# WHAT YOU ARE ASKED TO DO:
Using the records below, copy exactly the part that opens with the line holding "atelier-realiser-gyozas" and closes with the line holding "Hlava příčného táhla řízení DELPHI TA5623", minus the pictures.

# SOURCE INFORMATION:
'''

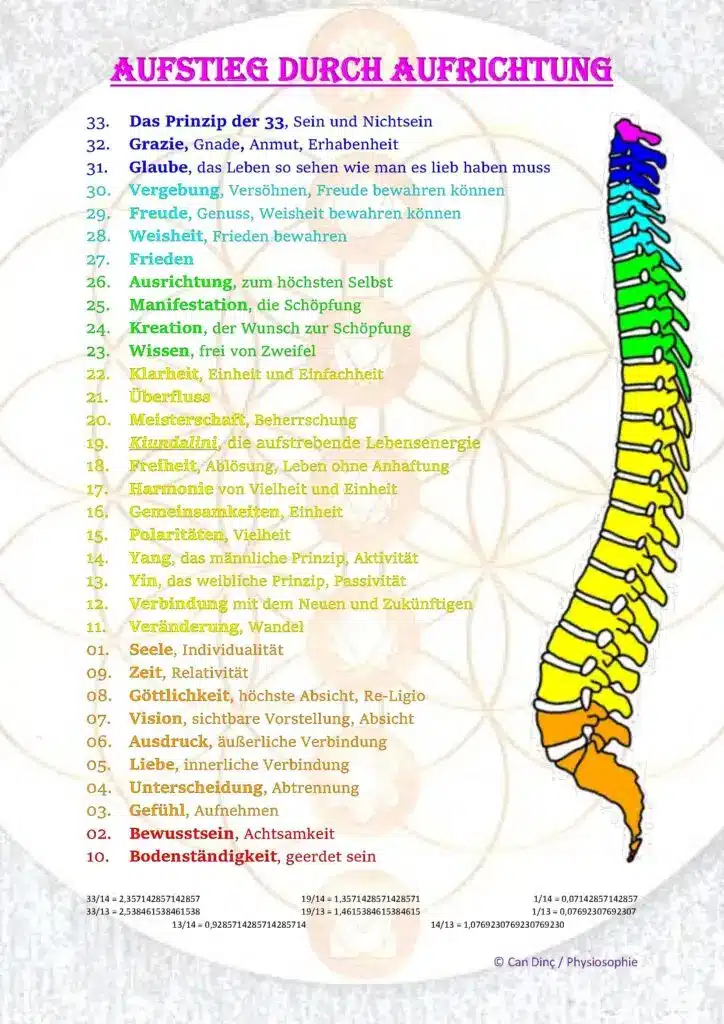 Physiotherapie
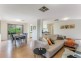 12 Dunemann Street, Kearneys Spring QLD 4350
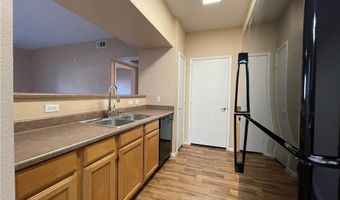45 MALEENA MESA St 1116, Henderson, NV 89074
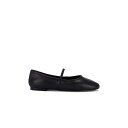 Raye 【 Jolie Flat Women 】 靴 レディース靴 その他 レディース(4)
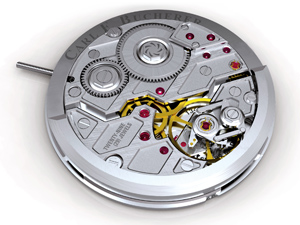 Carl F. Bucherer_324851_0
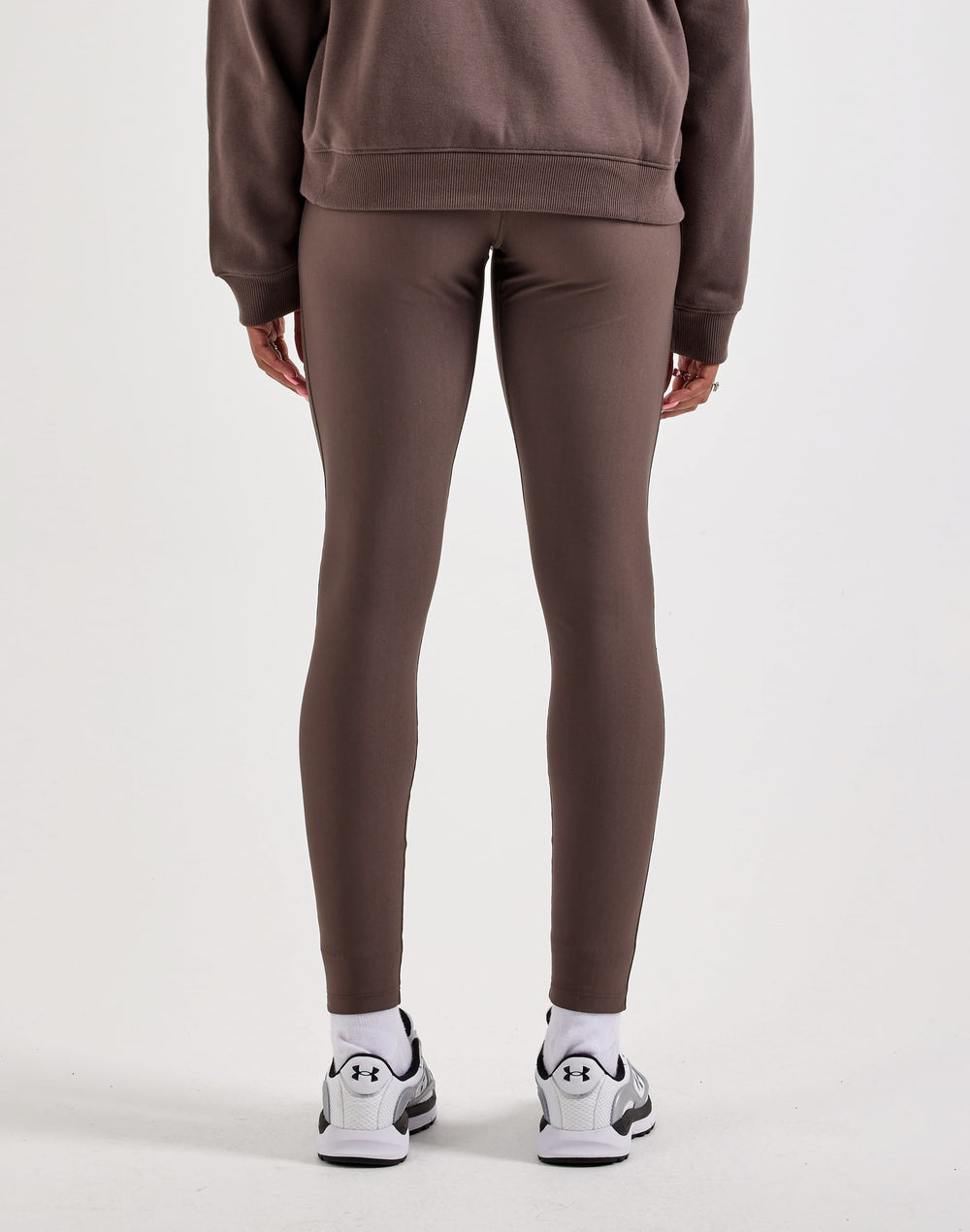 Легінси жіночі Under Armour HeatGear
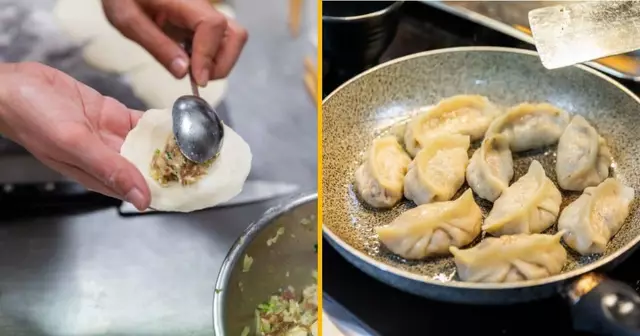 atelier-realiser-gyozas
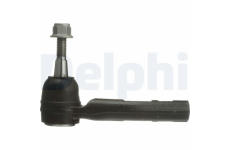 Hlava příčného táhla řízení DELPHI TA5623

'''
'''

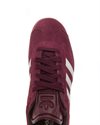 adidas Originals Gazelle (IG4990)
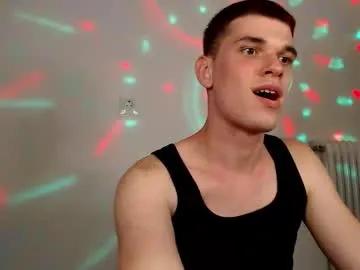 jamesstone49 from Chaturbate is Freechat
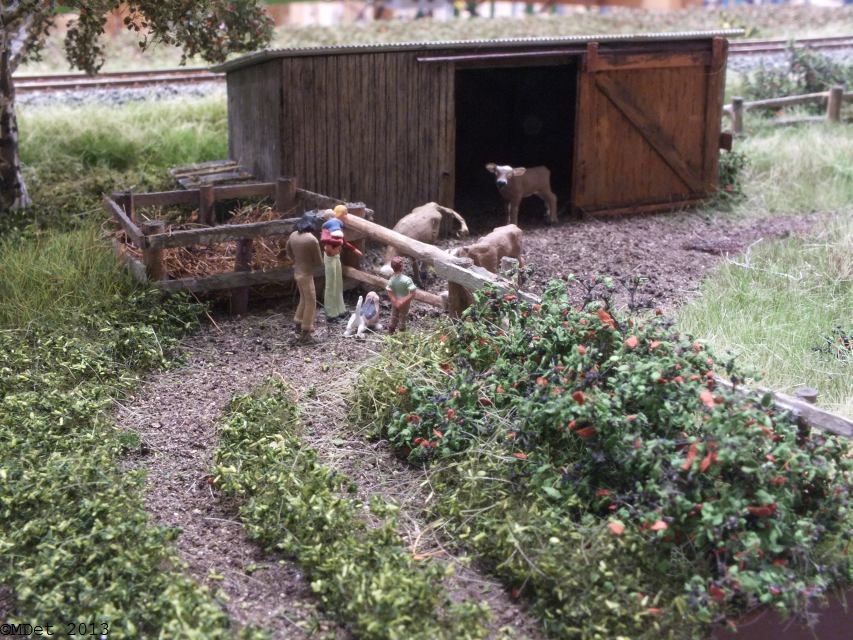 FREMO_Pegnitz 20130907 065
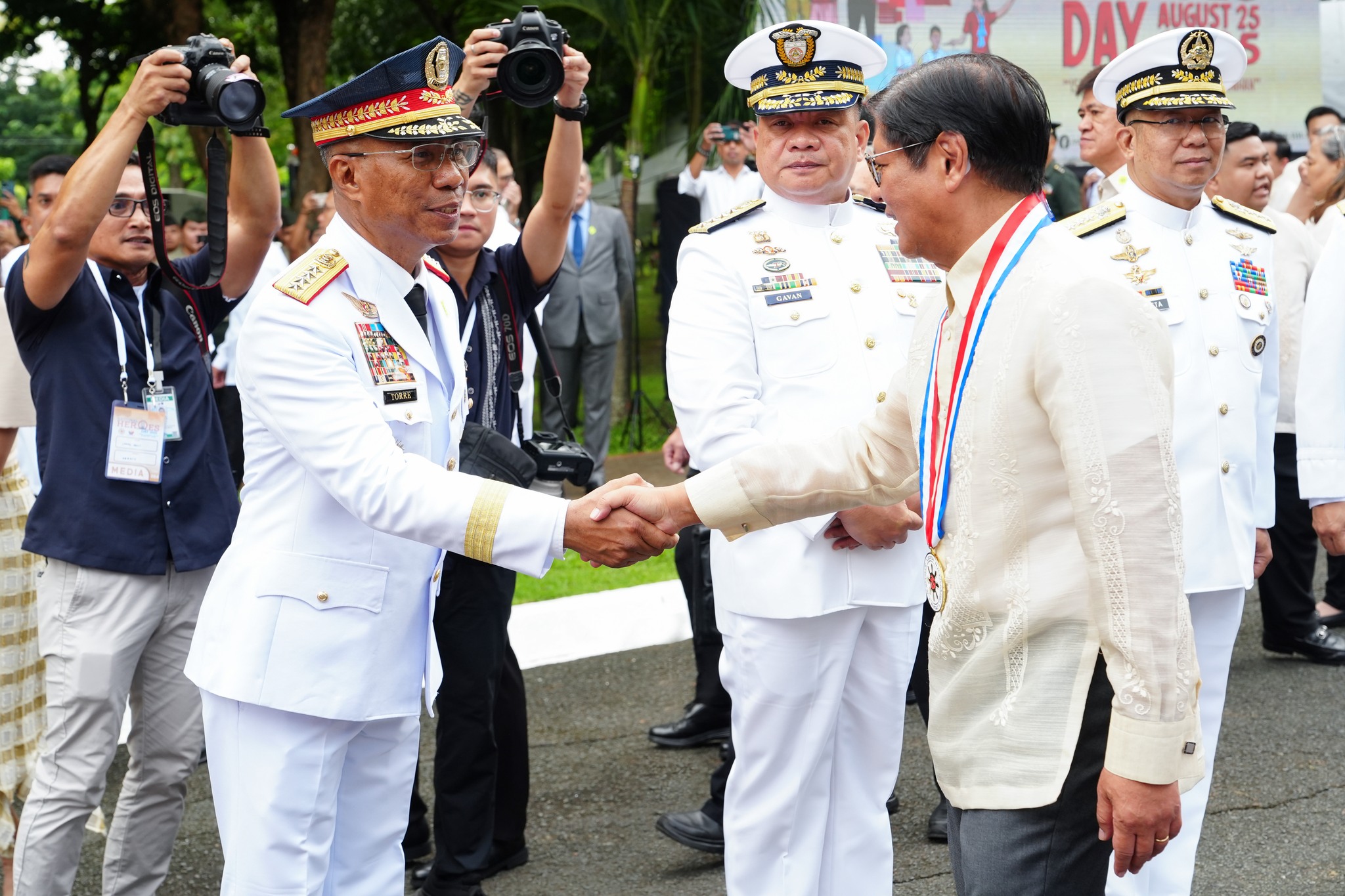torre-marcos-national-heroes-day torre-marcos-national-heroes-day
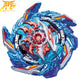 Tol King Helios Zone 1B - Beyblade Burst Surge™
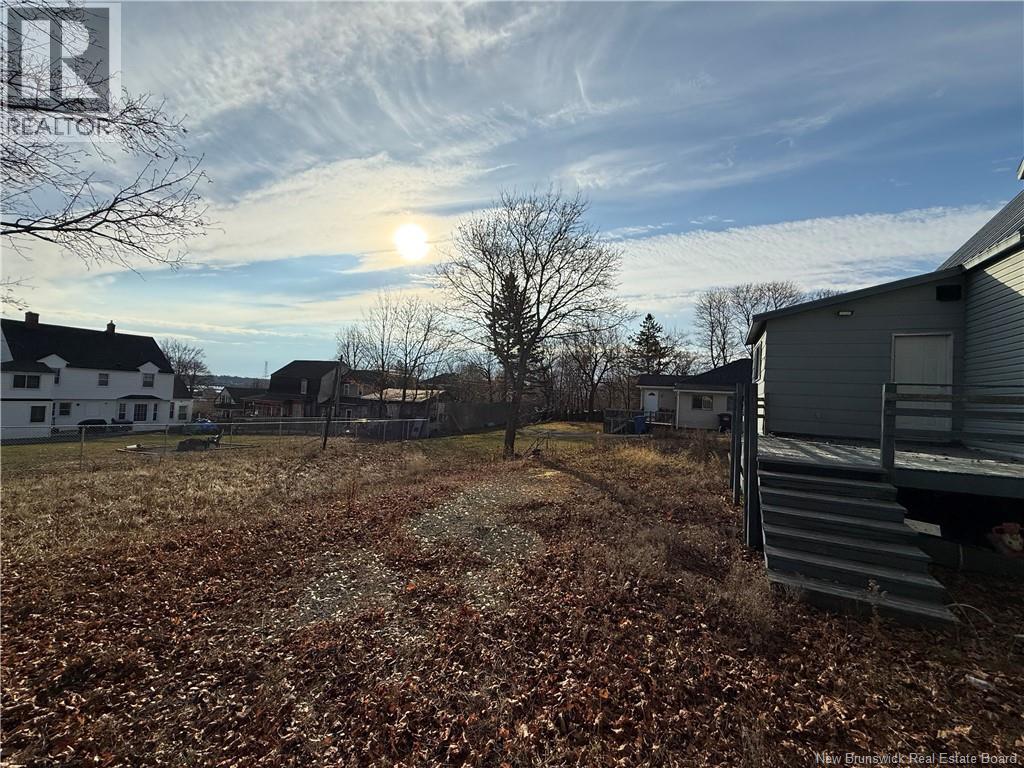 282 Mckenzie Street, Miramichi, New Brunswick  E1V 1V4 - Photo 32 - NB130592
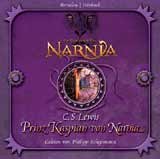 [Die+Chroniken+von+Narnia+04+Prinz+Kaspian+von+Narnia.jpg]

'''
'''

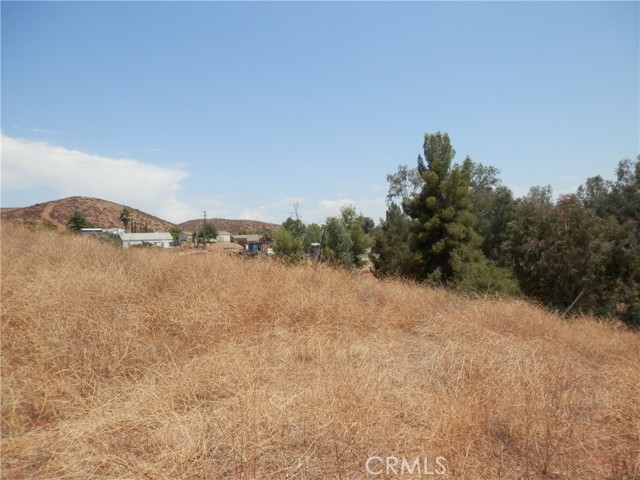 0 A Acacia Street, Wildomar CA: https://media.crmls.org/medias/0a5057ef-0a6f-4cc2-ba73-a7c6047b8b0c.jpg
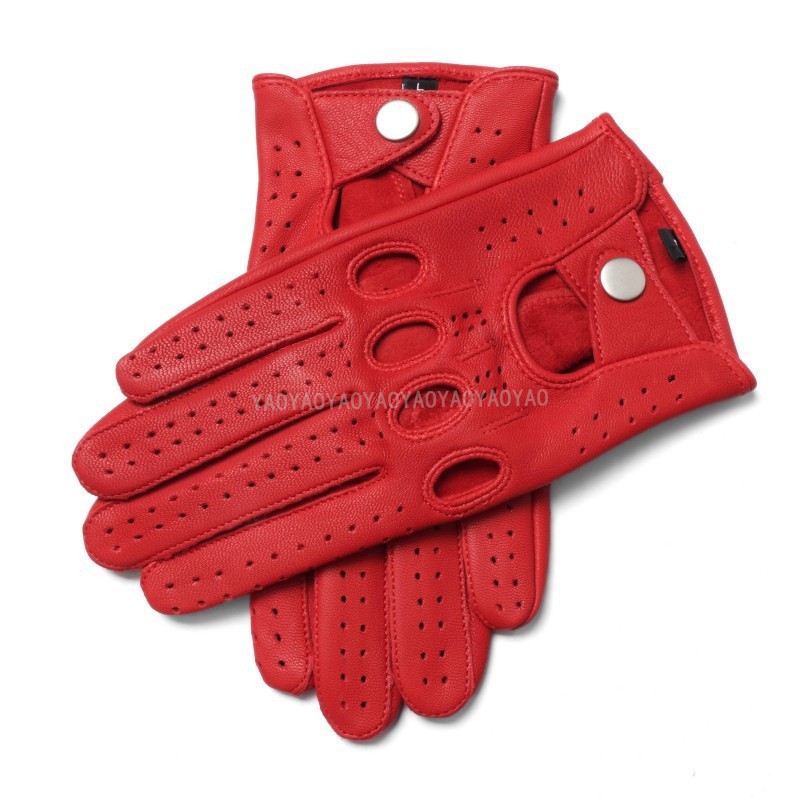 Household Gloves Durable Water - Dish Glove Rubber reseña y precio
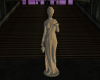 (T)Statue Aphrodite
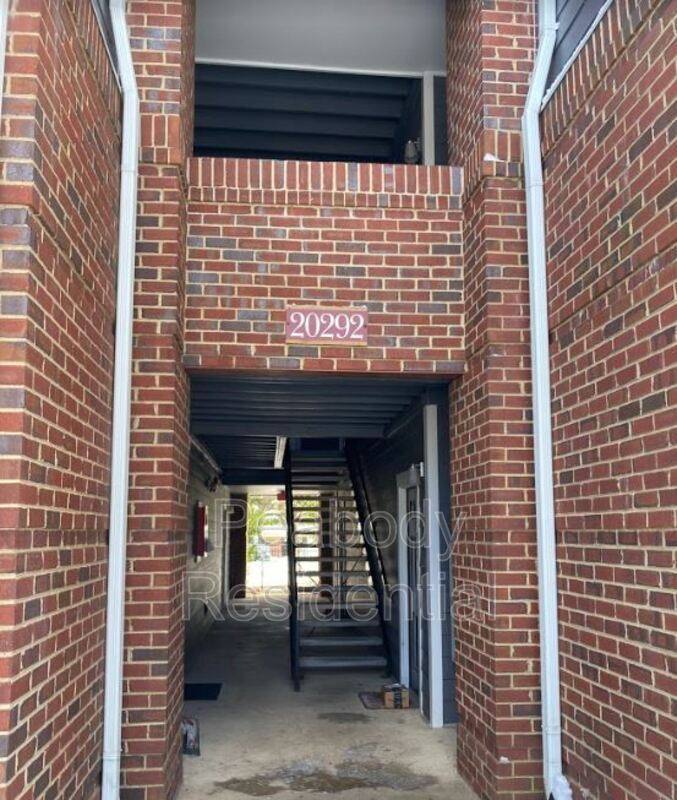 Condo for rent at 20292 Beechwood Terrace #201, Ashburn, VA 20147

'''

# ANSWER FOR THIS EXERCISE:
 atelier-realiser-gyozas
 Hlava příčného táhla řízení DELPHI TA5623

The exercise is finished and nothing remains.